Metro, Politics, Newton

“It Is Time For You To Leave the United States”: Newton Citizen and Immigration Lawyer Ordered To Self-Deport

In an apparent mistake, the Department of Homeland Security (DHS) told a Newton immigration lawyer, a U.S. citizen, she had one week to self-deport last Thursday.

“At first I thought it was for a client, but I looked really closely and the only name on the email was mine,” the lawyer, Nicole Micheroni, told NBC News Monday. “So it said my parole status had been terminated and I should leave the country within seven days.”

Micheroni said she quickly recognized the message was an accident.

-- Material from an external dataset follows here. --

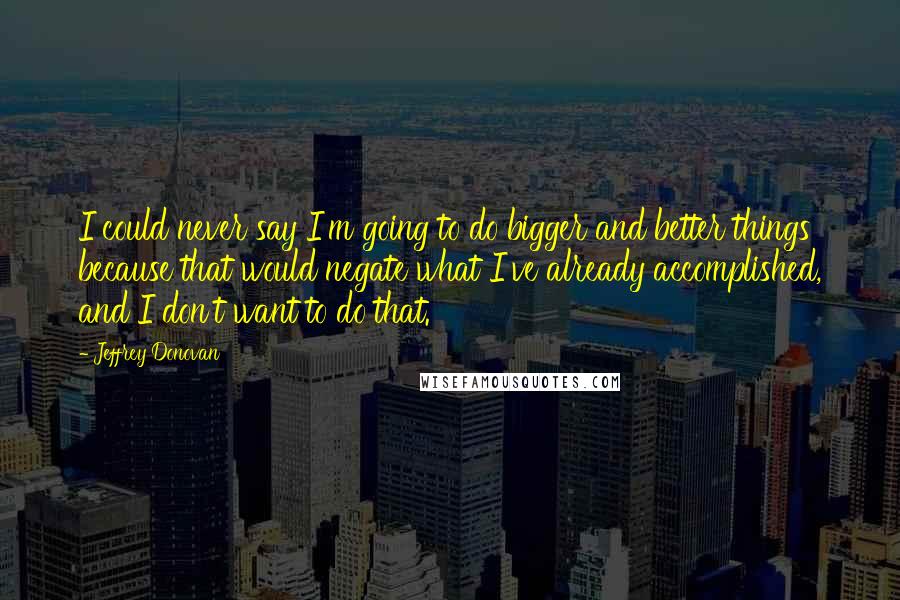 Jeffrey Donovan Quotes: I could never say I'm going to do bigger and better things because that would negate what I've already accomplished, and I don't want to do that.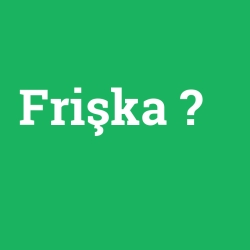 Frişka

“I never took DHS’s scary-sounding notice that I had 7 days to leave the country too seriously, because it was obviously some kind of mistake,” Micheroni wrote on Bluesky Sunday.

Micheroni—an immigration lawyer at Cameron Micheroni & Silvia in Boston—said it’s likely that the message was meant for one of her clients. Even so, she said the nature of this message was concerning. 

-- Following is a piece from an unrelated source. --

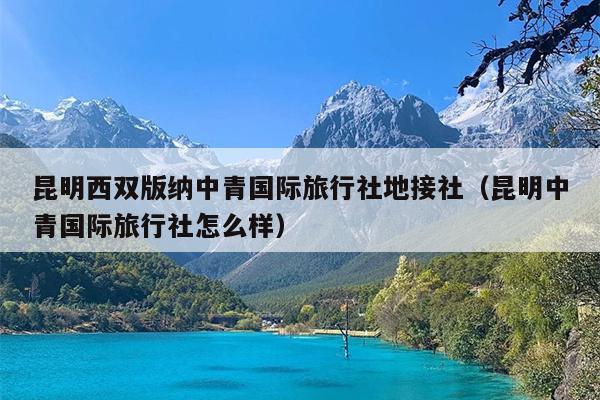 昆明西双版纳中青国际旅行社地接社（昆明中青国际旅行社怎么样）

“I have gotten some serious inquiries from my parents or other family members or friends being like, ‘what do I do if you stop answering me or if you disappear? Like, who do you want me to call?’” Micheroni told WIRED.

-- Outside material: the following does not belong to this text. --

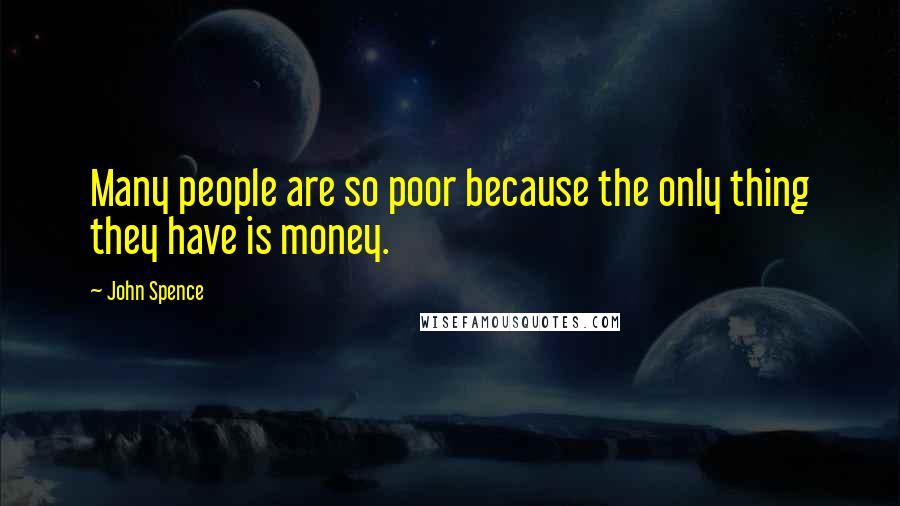 John Spence quotes: Many people are so poor because the only thing they have is money.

These types of messages would be even more worrying to someone less familiar with U.S. immigration law, Micheroni told WIRED.

“A lot of people that are here on parole status don’t know the nuances of immigration law, so they get this email and they don’t know if it applies to them,” Micheroni said. “And most of them assume that it does because everything is really scary for people right now.”

The DHS has confirmed that it is terminating parole for individuals without legal status, including many who entered the country through the CBP One app, a Biden-administration program that streamlined asylum entry to the United States for immigrants from certain countries. The Trump administration shut the app down in January.

The email Micheroni received resembled messages sent to migrants who had used CBP One to enter the United States. A representative for the DHS confirmed to WIRED that these messages were sent to whatever email was associated with the intended immigrant, which could have included the individual’s lawyer.

“CBP used the known email addresses of the alien to send notifications,” an unnamed DHS spokesperson said to WIRED. “If a non-personal email—such as an American citizen contact—was provided by the alien, notices may have been sent to unintended recipients. CBP is monitoring communications and will address any issues on a case-by-case basis.”

The message itself was misleading, Micheroni said, partly because it’s uncommon for notices like this to be sent via email.“The language in the email is very threatening,” Micheroni said to NBC News. “And it looks kind of like a sketchy spam email. It doesn’t look like an official government notice, but it is.”